In short, Trump is someone, in the words of Alexander Pope, “… whose truth convinced at sight we find, that give us back the image of our mind.” Even Liberty University President Jerry Falwell, Jr., while acknowledging that Trump is not the most religious or pious of the candidates, appreciates that Trump is willing to “speak the truth publicly” and that he is not a “puppet of major donors.”
All that said, note too that Trump’s popular image is largely the product of the free media attention he has generated. All that attention on him has backfired, though his media critics may be the last to know why.
As Pope reminds us in his enduring masterpiece on literary criticism, An Essay on Criticism, it is essential for critics to know themselves — their judgment, tastes, and abilities. It seems such awareness of their own limitations is too tall an order for today’s bien pensants and public intellectuals (as they like to think of themselves); after all they do have their Ivy League sheepskins. Credentials, yes. Comprehension and common sense, very selective.
One wonders if they have ever considered whether they have enough distance from their own ideology to perceive reality to the degree necessary for any real self-awareness. Given all the blather at the universities about the importance of critical thinking skills, there is little evidence that such skill has been acquired by their graduates in the media, especially when one sees the yawning gap between reality and what the MSM media accept as gospel from our slick-talking Columbia and Harvard-educated President. Little wonder Trump’s unvarnished jabs have them shaking in horror at the barbarian at the gates.
Pope advised critics against their own “blindness” and ignorance about their own defects caused by pride, which leads to poor judgment. They would do well to remember Pope’s warning, “A little learning is a dangerous thing.” As one critic writing long before the fateful 2008 election noted: it’s sometimes easier to fall for the pleasing “whole” that covers over multiple flaws than for the imperfect “whole” that is made up of solid “parts.”
There is much to be admired about Trump’s creativity in crudely breaking through the constraints that the mavens of political correctness have managed to impose more and more on political discussion since television invaded our homes. But Trump’s audience includes a large number of those whose taste is reflected by the crudest reality shows; their taste in television programming, whether we like it or not, is not a disqualification for voting. The more important fact, however, is that Trump’s marketing intuition led him to recognize that there is a public that has been ignored for years by the purveyors of conventional wisdom and pseudo-sophistication.
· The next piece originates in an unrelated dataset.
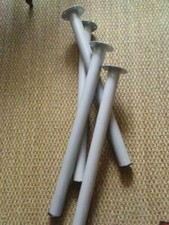 Un lot de 4 pieds à table Gris métal à retirer à Paris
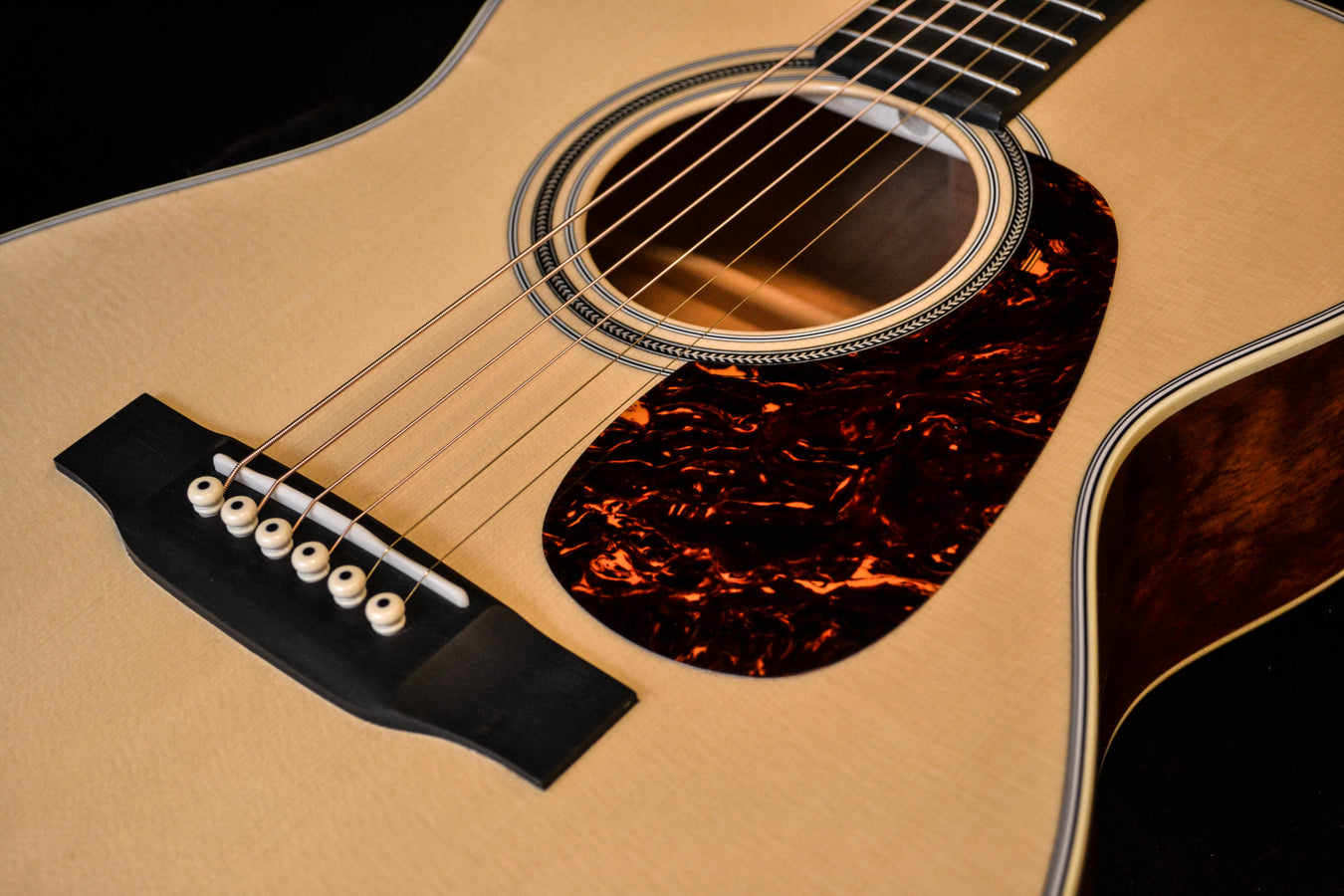 Martin Custom Shop 00-14 Fret Size Quilt Mahogany / Swiss Alpine Spruce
Finally, GOP voters have endured years of the Republican establishment treating conservatives in manipulative and condescending ways; they’ve put up with decades of deceitful bait-and-switch gambits where the GOP establishment talks like conservatives to gain the votes they need to get elected, only to turn around and accede to if not vote for every big government program that progressives can gin up. Now the duplicity of GOP establishment types damning big government on the stump in fly-over country, but doing nothing in the halls of Congress to stop its growth has come home to roost with a vengeance. Establishment Republicans are finding themselves just as naked in the public square as the MSM media; neither is left with the standing necessary to complain about Trump’s playing to and manipulating the Republican base’s frustrations and pent-up anger.